Agamben veut réveiller l’« injonction » de Levi. Considérez si c’est encore un être humain.


La limite indépassable

Reprenons une dernière fois la question d’Agamben : « Que veut dire, pour un homme, devenir un non-homme ? » Est-ce même possible ? La réponse du philosophe est claire :

« Aucune éthique ne peut se permettre de laisser hors de soi une part de l’humain, si ingrate soit-elle, si pénible à regarder. »

Tout homme est authentiquement humain.

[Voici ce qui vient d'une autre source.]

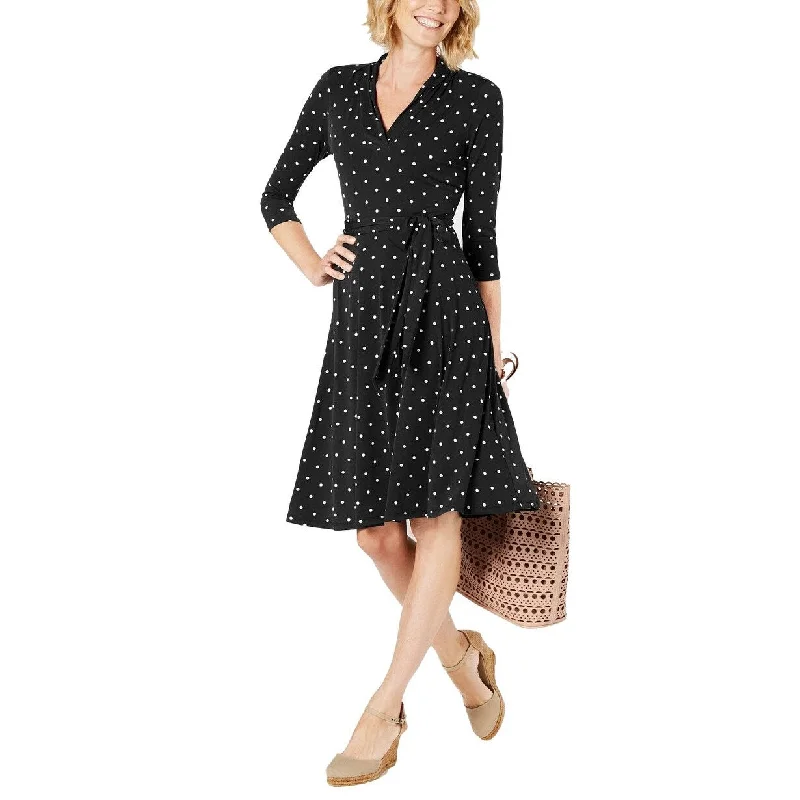 Women's Casual Embroidered Dresses-Charter Club Women's Petite Dot-Print Belted Swing Dress Black Size Petite - P/P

Il n’y a pas de gradation dans l’humain, quels que soient son origine géographique, sa culture, sa religion, son sexe, ses particularités physiques … Rien ne saurait porter atteinte à l’humanité de l’homme. C’est là la base même de l’éthique. C’est un impératif catégorique. Vaciller à ce niveau-là revient à mettre en péril l’existence de la possibilité de la vie, pour chaque être humain.

Je terminerai en revenant sur le cas de ces « musulmans », ces détenus juifs à qu’il ne restait plus aucune force de vie. Ils nous confrontent à la Gorgone dans la mesure où ils nous offrent l’image extrême de la déréliction, celle d’hommes, de femmes, d’enfants peut-être, qui n’ont plus eu la force morale, le ressort spirituel, pour dire « oui » à la vie. Des individus dont on a tué l’âme, avant même d’exterminer les corps. Mais, jusqu’au bout, ils auront été des êtres humains, à part entière.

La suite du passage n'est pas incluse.